> _Record extracts_

..........

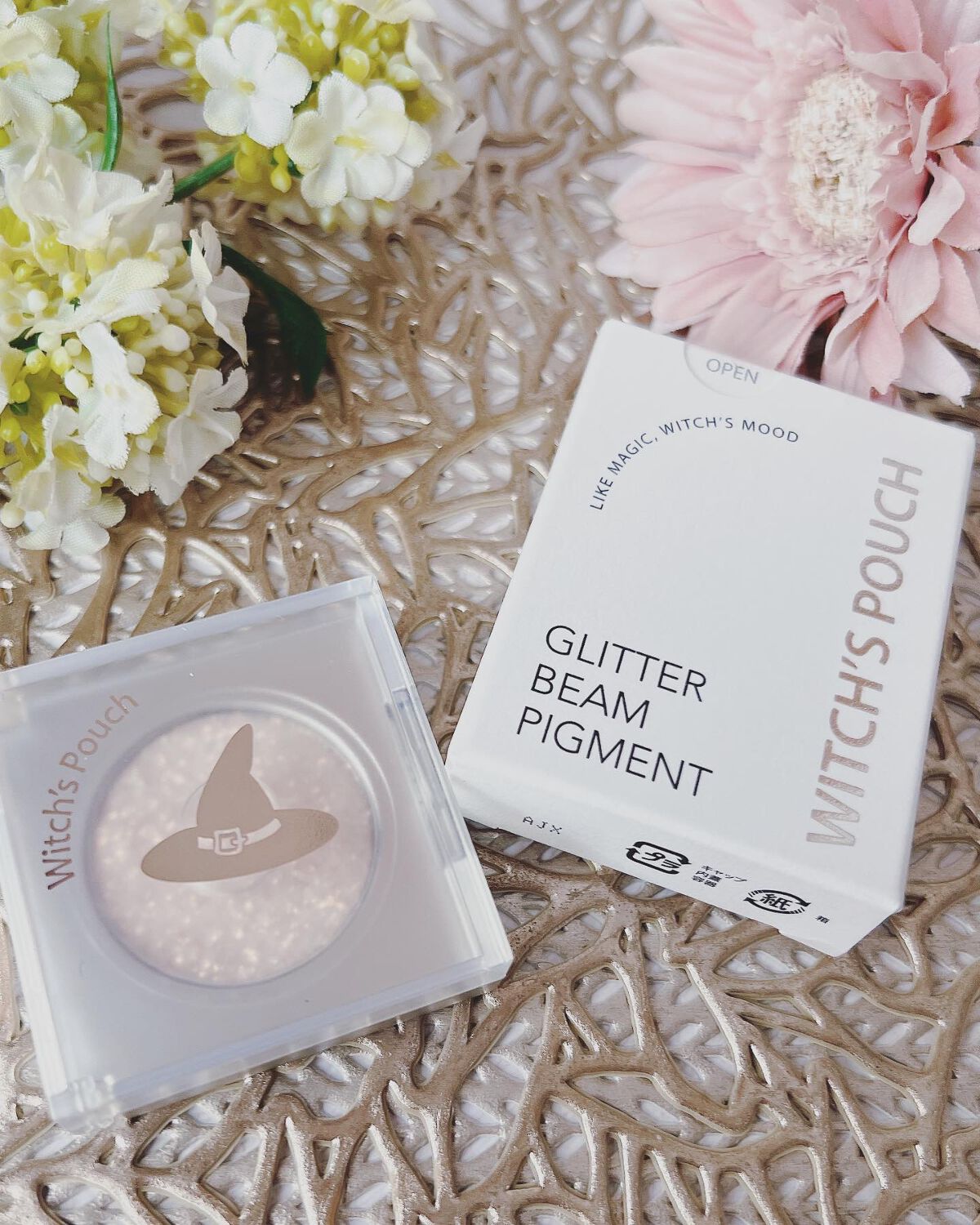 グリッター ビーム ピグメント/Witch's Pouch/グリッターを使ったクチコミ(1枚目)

..........

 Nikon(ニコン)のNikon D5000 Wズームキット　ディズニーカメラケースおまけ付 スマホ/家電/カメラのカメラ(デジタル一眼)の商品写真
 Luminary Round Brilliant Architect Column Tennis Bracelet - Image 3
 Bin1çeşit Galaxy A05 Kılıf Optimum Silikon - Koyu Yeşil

..........

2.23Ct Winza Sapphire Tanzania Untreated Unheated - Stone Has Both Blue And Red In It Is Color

..........

> _Assignment_
Going down the listing above, begin printing at the line with "Nikon(ニコン)のNikon D5000 Wズームキット　ディズニーカメラケースおまけ付" and finish with the line with "Bin1çeşit Galaxy A05", exactly as they appear.

> _Completed exercise_
 Nikon(ニコン)のNikon D5000 Wズームキット　ディズニーカメラケースおまけ付 スマホ/家電/カメラのカメラ(デジタル一眼)の商品写真
 Luminary Round Brilliant Architect Column Tennis Bracelet - Image 3
 Bin1çeşit Galaxy A05 Kılıf Optimum Silikon - Koyu Yeşil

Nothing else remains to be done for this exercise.